Two ideas. Hardly a big leap. There are many others that make just as much sense.

All that said, Stephen Harper is fat, he dresses for the Calgary Stampede like a member of the Village People, his hair looks like a hockey helmut and he doesn't smile very often. On the other hand, he is bilingual, very intelligent and quite articulate. Does this make him scary?   

Anyhow, slightly of topic, but I just can't understand the phobia in Ontario in regards to the Conservatives.


----------



## x-zipperhead (8 Nov 2005)

aesop081 said:
			
		

> Jack Layton, IMHO, is playing games with the rest of the oposition in order to get concessions from the liberals Re: health care.   trouble is, at least in my mind, is that he has taken a tough stance and so far the libs are not bitting.   If the libs continue to refuse NDP demands, Jack layton risks looking like a fool if he doesnt act when his oposition day comes.



Yeah, old smiling Jack is just loving his role in the way this has all played out.  After years of no NDP influence in parliament he finds himself in the rare position sharing the balance of power.  He will prop up this government to hold on to this balance.  That's why IMO he is a little less eager than Harper to bring the house down with a confidence motion.  I also think the libs a very aware of Jacks position and that's why they are not bending over backwards for him.  It'll be interesting to see what they do.  Probably status quo.


----------



## aesop081 (8 Nov 2005)

x-zipperhead said:
			
		

> Probably status quo.



You know it.   The liberals are going to go on claiming that they are trying to govern through all this and that its the oposition preventing the house from bringing such "sweeping" legislation as national child care.   Gomery will fade from the collective memory of canadian voters who, in a case i saw on TV, think that twining the trans-canada hwy should be the government's top priority.   As has been said before , the oposition parties have not been able to capitalize on "adscam" for a variety of reasons ( The inability of the consevatives to get a foothold in ontario being a big one), so realy, not much is going to change.   realy, come to think of it, if   the " billion dollar boondogle" wasnt enough to shock canadian voters into action, what made us think that "adscam" would ?


----------



## Fishbone Jones (8 Nov 2005)

Well, rain, snow, freezing temps, Xmas, I don't care. I say the sooner the better, bring it on.


----------



## x-zipperhead (8 Nov 2005)

kcdist said:
			
		

> Help me out then. I know the Conservative platform quite well (I've read the web site), and I can't find a single issue that would qualify as a big leap ideologically. I consider myself a strong fiscal conservative, a strong environmentalist and a social moderate. The gay marriage thing could have gone either way. I understood both sides, and noted with interest members from all parties voted both for and against. I could have cared less either way.
> 
> So, gay marriage aside, what are the issues that Ontarians find _major_ fault with? Within the military, there are specific policies that should resonate well with serving member. For example Employment Insurance overpayment. With over a $40 billion surplus in the EI account, the Liberals have no plans for a major reduction. The Conservatives do, as they consider it a payroll tax that stifles investment. When I left the military, despite having paid into it for 10 years, I was paid not one penny. It is bad enough to have to pay into EI, it's worse having to overpay into it.
> 
> ...



I don't think you can call yourself a social moderate and just ignore the gay marriage fiasco.  This conservative created social crisis didn't help them win the hearts of Ontario.

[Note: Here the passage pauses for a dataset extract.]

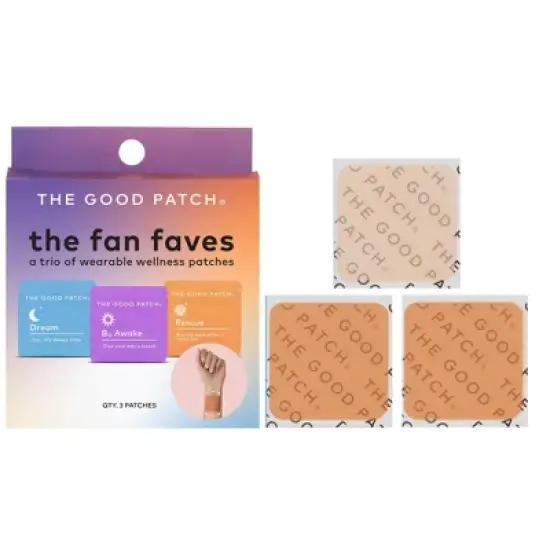 The Good Patch Fan Faves Set Plant-Based Vegan Wellness Patch - 3ct image {8}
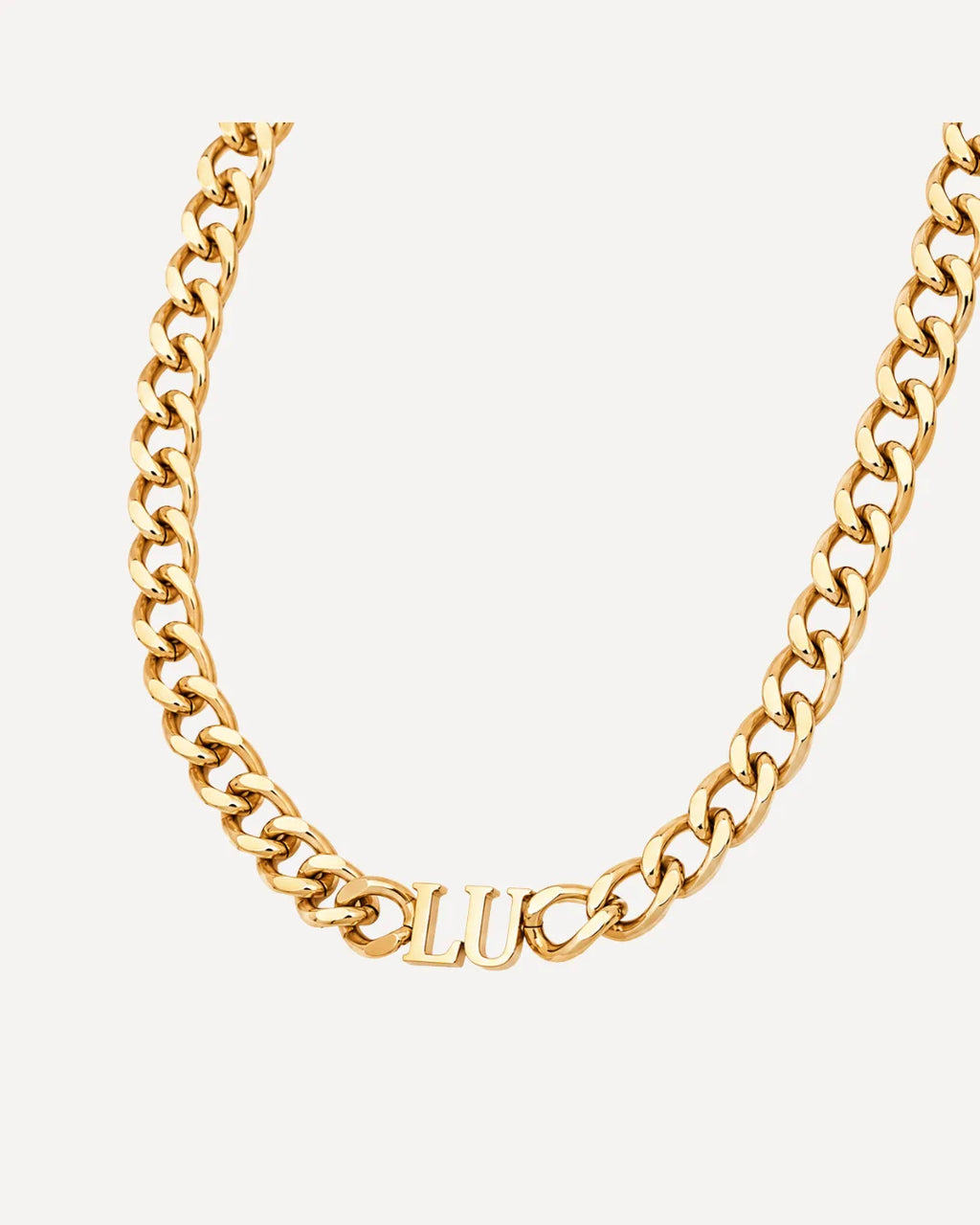 Olivia Initial Choker Necklace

National childcare - I can relate given that I am military and my wife stays home.  A tax credit? great so I'll save a few hundred bucks for the year will that change my life ? no. What good is a tax credit to a single mother making $15,000/year.  Tax credits do nothing for the poor. Nothing.

As for it not being a big leap in ideology, well it's enough of a leap that Ontario has no appetite for Stephen Harper or his parties social policies.  As x- Fusilier pointed out very well, if Ontario makes or breaks you in a federal election and you cater your platform to Alberta, it's kinda a no brainer.  As a matter of fact I think x-fusiliers post kind of sums their problems up quite well, in an amusing kind of way


----------



## RangerRay (8 Nov 2005)

In any other democratic country, the Liberals would have been turfed by the voters for fraud and corruption 5 years ago, and broken up into 3 or 4 different factions.

The Tories want to clean up government, restore funding to the CF and create a Canadian foreign policy that isn't dictated by the UN or the US.  Yeah, that's pretty scary.  :


----------



## kcdist (8 Nov 2005)

x-zipperhead said:
			
		

> National childcare - I can relate given that I am military and my wife stays home.   A tax credit? great so I'll save a few hundred bucks for the year will that change my life ? no. What good is a tax credit to a single mother making $15,000/year.   Tax credits do nothing for the poor. Nothing.



For the record, low income earners are well taken care of under the Conservative plan. The ideological selling point with the Conservative plan is that, as a family with a stay at home parent, my tax dollars are not going to subsidize a two income, $120,000 a year family with their childcare choices, as is currently the situation. Conservatism (Canadian Style) means the poor and underprivileged are looked after with a hand up, not a hand out.


----------



## Cloud Cover (8 Nov 2005)

RangerRay said:
			
		

> The Tories want to clean up government, restore funding to the CF and create a Canadian foreign policy that isn't dictated by the UN or the US.   Yeah, that's pretty scary.   :



They won't do any of those things. They'll cut taxes and cut services but they sure as shot won't do anything else- as a party that is a collection of bizarre regional competing interests they aren't capabale of anything else.  Thats why I will never vote for them again. 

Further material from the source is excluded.